MT – Acredito que no comércio funciona mais ou menos como na física em que os espaços vazios tendem a ser ocupados. Acho que pela característica complementar da América Latina, que é tradicionalmente exportadora de commodities agrícolas e minerais, com a economia chinesa, que é exportadora de bens manufaturados e que pode investir na infraestrutura. Acho que China virá para ocupar o espaço. É como se os Estados Unidos estivessem dando para a China as chaves da globalização. E como se dissessem olha, agora toca você, que estou cansado disso. Então, vai haver um distanciamento claro dos Estados Unidos de países por exemplo como México, Colômbia e Chile, se derem com a cara no muro com o mercado americano, vai estreitar os laços com a China.
II – No caso do Brasil também deve haver um fortalecimento das relações comerciais com a China?
MT – No caso do Brasil, que é a maior economia da região, que é um país muito carente de investimentos em infraestrutura. E o segundo lugar onde existe capital em abundância para esse tipo de investimento é na China. Então, acredito que haverá um efeito de substituição, cada vez mais os países da América Latina deverão trocar Washington como bússsola, pela China.
II – Então, a política de Trump terá um efeito positivo para a América Latina?
MT – Não vejo como um efeito positivo. O melhor seria ter todas as opções na mesa. No caso das relações entre Brasil e Estados Unidos é uma lástima observar que as duas maiores democracias do ocidente, as duas maiores economias das Américas tenham um intercâmbio comercial tão pouco expressivo, tão abaixo do potencial.
II – De qualquer maneira, a eleição de Trump deve fortalecer a relação entre os países do BRICs, não é mesmo?
MT – Sim, acho que um dos efeitos colaterais do resultado eleitoral nos EUA é o fortalecimento dos BRICs como aliança. Sem dúvida alguma, os BRICs saem fortalecidos. Para quem achava que os BRICs estavam mortos, pelo contrário, acho que saem fortalecidos com o resultado. Eles se fortalecem como alternativa à política e comércio exterior de países como o Brasil.

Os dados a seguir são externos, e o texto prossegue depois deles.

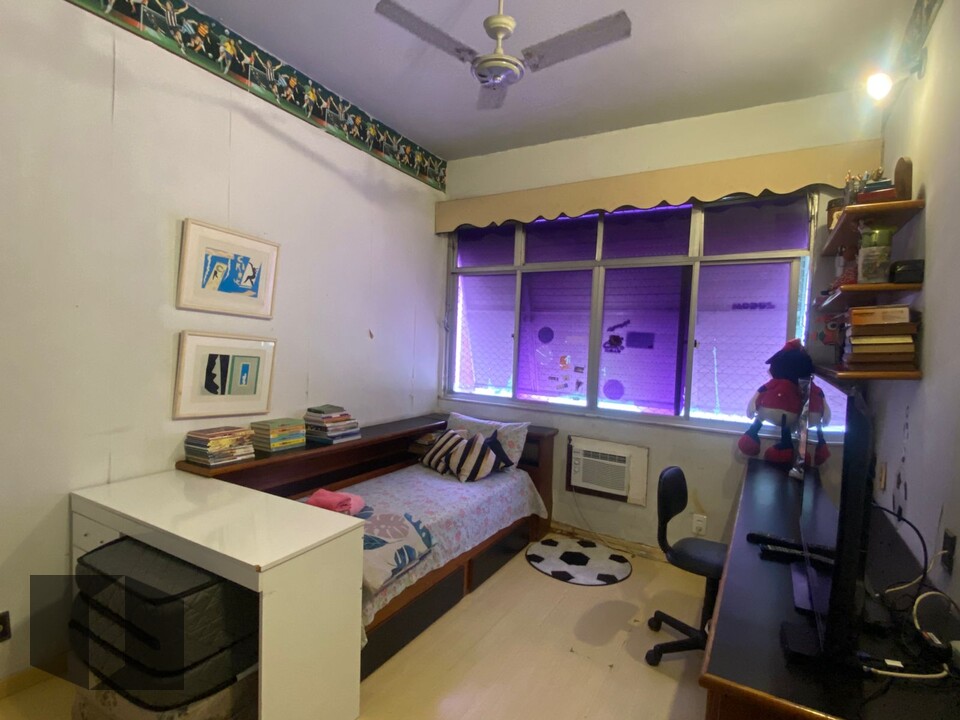 Cobertura, 4 quartos, 172 m² - Foto 4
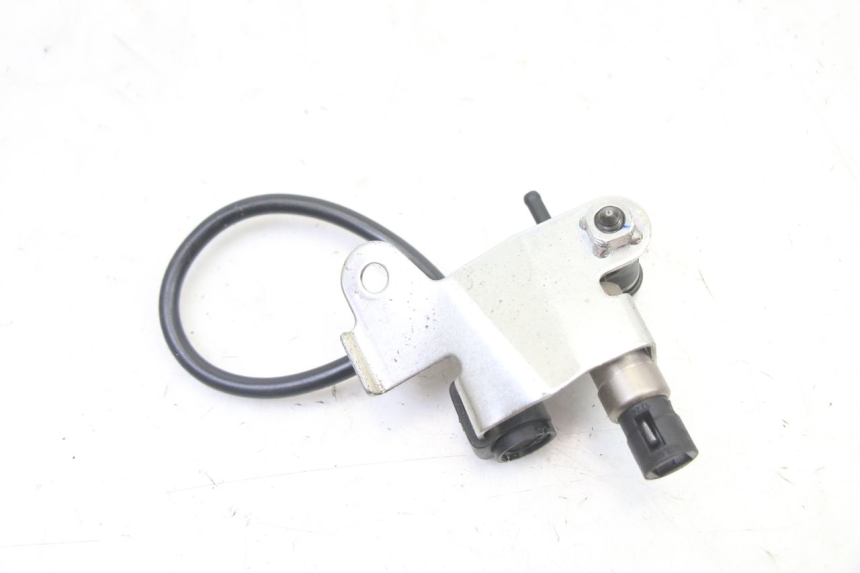 photo de SONDA DE PRESSÃO DE AR PIAGGIO NRG POWER PUREJET 50 (2018 - 2021) - Zoom do estado de desgaste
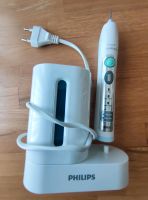 Defektes Sonicare Handteil  mit Ladegerät 10€+Versand 5€ Hannover - Misburg-Anderten Vorschau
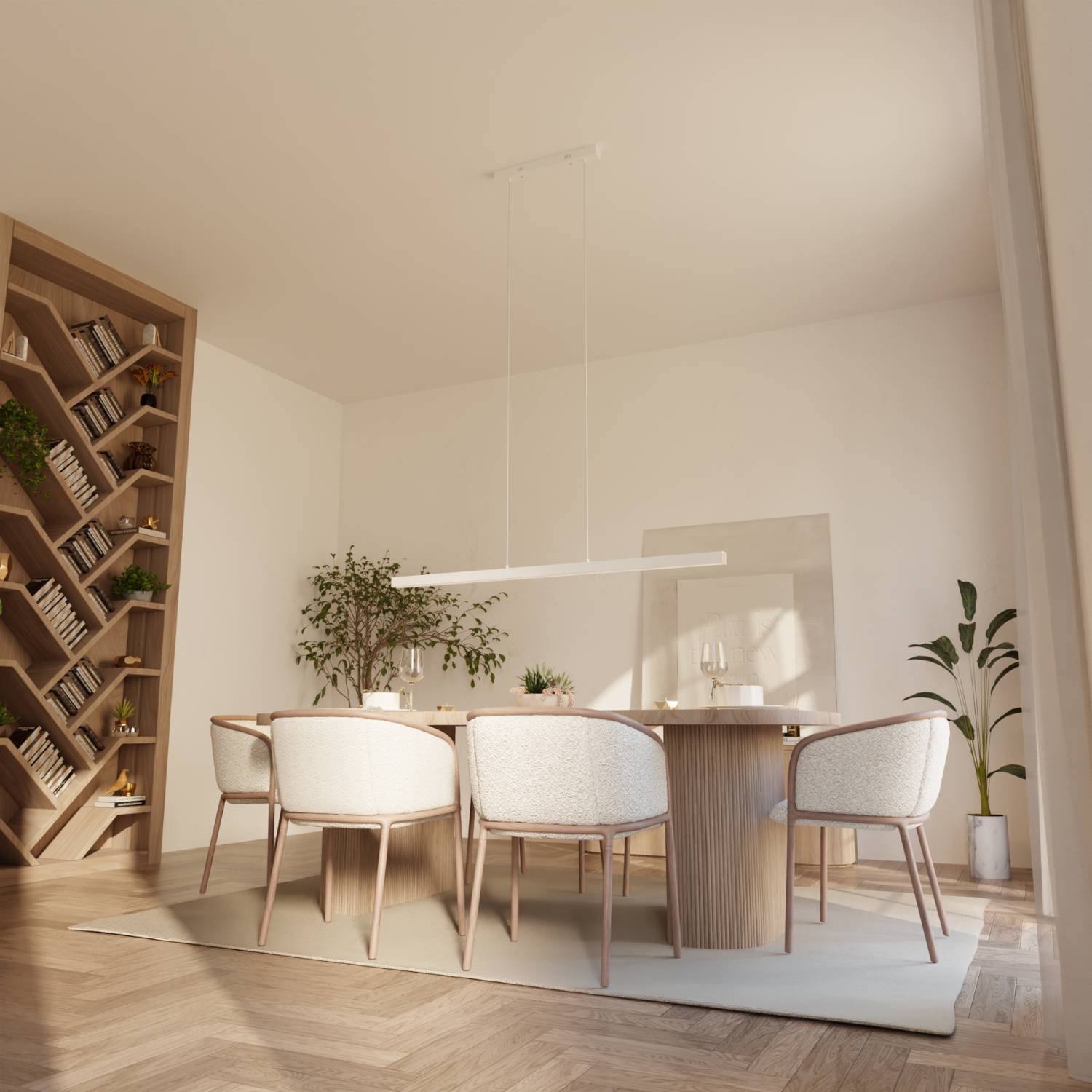 Calimera Pendelleuchte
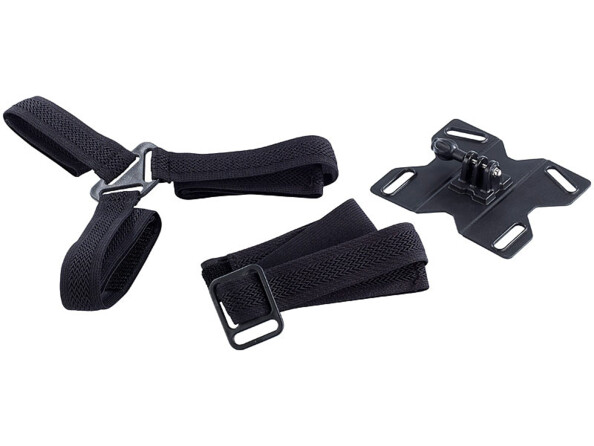 Coque sport pour iPhone 5 / 5S / SE avec ceinture pectorale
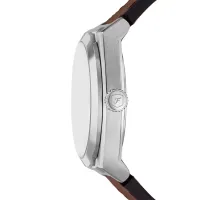 Ceas de mână pentru bărbați FOSSIL FS6071 Cuarț / 42 mm photo 2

II – Além da China, outros países do BRICs como a Índia pode estreitar os laços comerciais com o Brasil?
MT – Claro, que também podemos aproveitar nossa vocação de exportações agrícolas para outros países como a Índia, que é um país em crescimento, é um país gigante que pelo segundo ano consecutivo terá uma taxa de crescimento superior à chinesa. E quando se cresce nessa velocidade a partir de uma base baixa, como é a economia indiana, que é uma economia com renda per capta de três mil dólares, muitos dos esforços da economia vão na direção de aumentar a ingestão de calorias, os investimentos do país em infraestrutura, em construção civil. Tudo isso significa uma grande janela de oportunidades para o Brasil.
II – O que significa a gestão de Trump para os mercados financeiros mundiais? Haverá maior volatilidade?

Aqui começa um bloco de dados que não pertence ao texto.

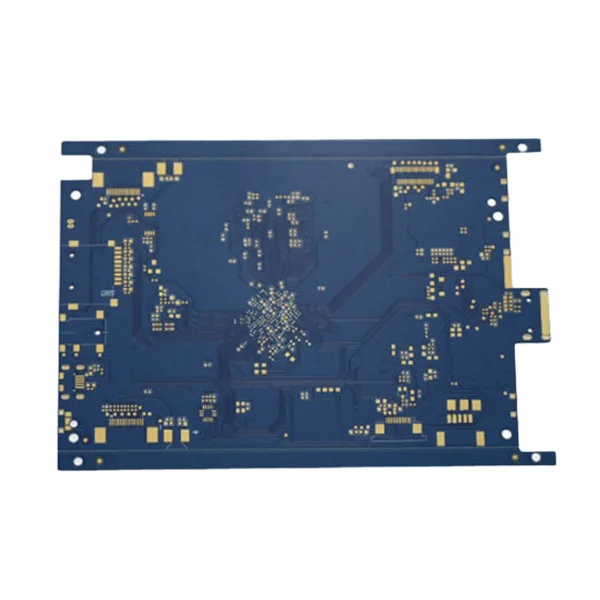 PCB design and manufacturing
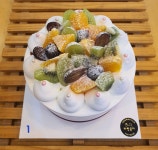 파란풍차제과점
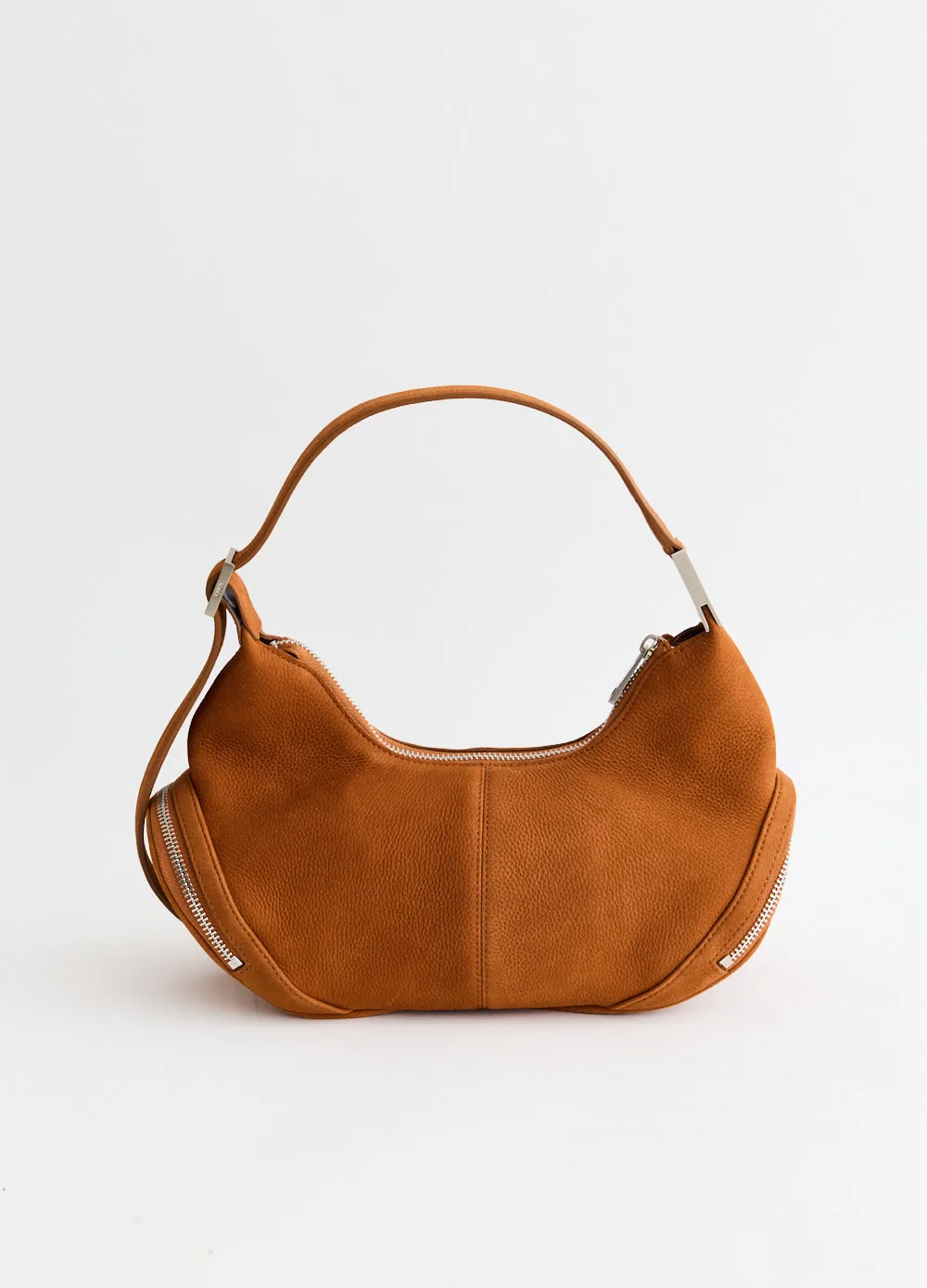 Cargo Hobo Bag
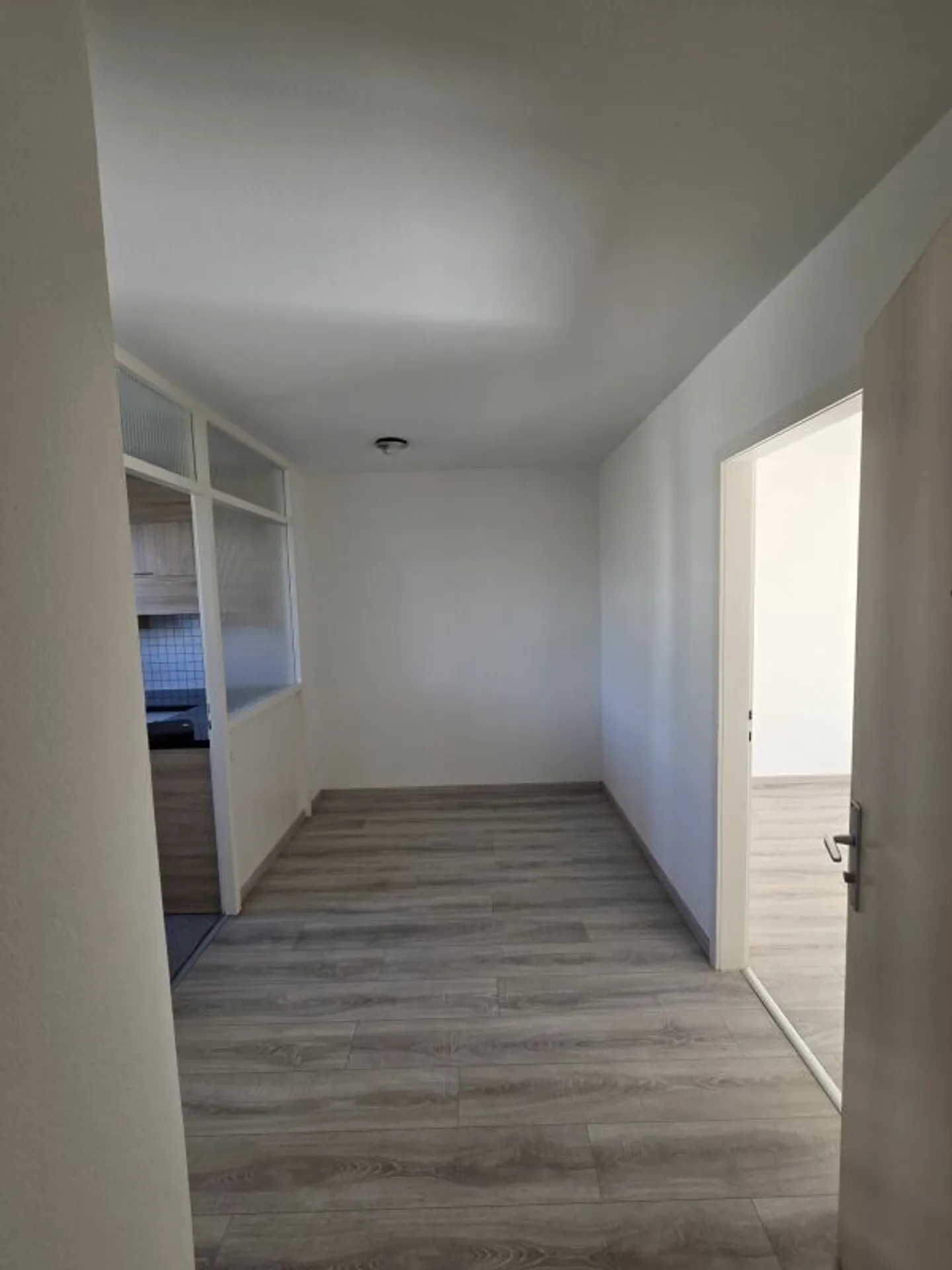 Appartement 2.5 pièces à Gerlafingen - Photo 3 sur 8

MT – Sim, deve representar maior volatilidade. Primeiro que não se pode negar a característica pessoal do Trump que é um sujeito instável, mercurial, que se irrita facilmente. Será uma presidência tensa, não apenas em relação ao resto do mundo, mas em relação ao parlamento, com sua própria equipe. Sua gestão na Casa Branca promete ser bastante instável. Depois temos as propostas da campanha de Trump que devem gerar menor lucratividade para as empresas americanas porque a medida que se mexe na cadeia de valor da economia americana para trazer de volta determinadas classes laboriais, isso vai impactar na lucratividade das empresas, o que deve gerar repasses nos preços dos produtos, que pode gerar uma corrida inflacionária.
II – O aumento da inflação deve exigir uma ação do Fed, não é mesmo?
MT – Com a ascensão da inflação, o Federal Reserve (Fed) deve responder com aumento dos juros para combater essa escalada inflacionária. Com o aumento dos juros americanos, isso deve criar uma bomba de sucção da liquidez mundial, impactando o direcionamento de capitais para emergentes, como é o caso do Brasil. Ou seja, deve diminuir a entrada de capitais em mercados emergentes. Imagine companhias como o Walmart ou o Starbucks que tem uma grande cadeia de valor, por exemplo, na China, a medida que se muda a estrutura de fornecimento global, isso terá um impacto muito negativo no balanço patrimonial dessas empresas.
II – Então a China deve aproveitar o vácuo criado pelo cenário pós-Trump?
MT – Acredito que a China, após a reunião dos países que participam do grupo de cooperação da Ásia e Pacífico, dá sinais claros que pretende aprofundar a globalização econômica. China está gostando de jogar o jogo da globalização econômica em uma escala cada vez maior. E será beneficiada da retração cada vez maior dos Estados Unidos na economia global.
II – E como fica a Europa?
MT – A principal incógnita nessa equação é o que a Europa irá fazer. A Europa está com um problema de imigração e ainda não resolveu plenamente os problemas em economias como da Grécia. A Europa tem eleições no ano que vem onde despontam candidatos populistas como na França e na Alemanha. Ou seja, há muitas incertezas na Europa.
II – Quais são as possibilidades?
MT – Temos que ver se a Europa irá também para uma posição mais protecionista ou se vai apostar na abertura de novos canais de comunicação e intercâmbio. Por exemplo, a Europa poderia tirar da gaveta o acordo de comércio com o Mercosul e a União Europeia.
II – No caso de uma tendência de maior abertura da Europa poderia haver benefícios para o Mercosul, por exemplo?
MT – Sem dúvida alguma, há um potencial que os países do Mercosul de fornecer produtos agrícolas para a Europa por exemplo e outras áreas.
II – Que outras iniciativas dos países dos BRICs podem avançam nesse novo cenário que está se desenhando?
MT – Acredito que podem aumentar a carteira do banco dos BRICs, não apenas de recursos colocados pela China, mas também pelo aumento do quadro de sócios, como por exemplo, o México, Indonésia e até Coreia do Sul. Acho que isso pode gerar maior nível de comércio entre os países do BRICs, com a criação de mecanismos de facilitação de comércio, com posições conjuntas na OMC. Podem surgir acordos para incentivar o comércio e investimentos relacionados à infraestrutura, entre outros.
II – Como o processo de ascensão e crescimento da China impacta sobre o cenário mundial?
MT – O curioso é que o processo de ascensão da China nos últimos anos tem um vetor também desglobalizante, que tem a ver com o mecanismo de compras governamentais, como instituto de formação da demanda. A medida que a China usa o poder de compra do governo para formar a demanda, para realizar sua política industrial, isso tem como efeito a concentração de capitais na China. Eu cito o exemplo da Embraer. Vem o governo chinês e diz, quero comprar aviões da Embraer, mas quero que a empresa produza na China. Isso é um vetor de desglobalização.
II – Mas tem outros fatores na economia chinesa a favor da globalização?
MT – Tem elementos que apontam para outra direção. Como os custos lá também estão subindo, as empresas chinesas estão buscando realocar suas produções em outros países com menor custo relativo como a Índia, Vietnã, Miamar, Indonésia. Esse é um fator de globalização, para países de produção com menor custo relativo.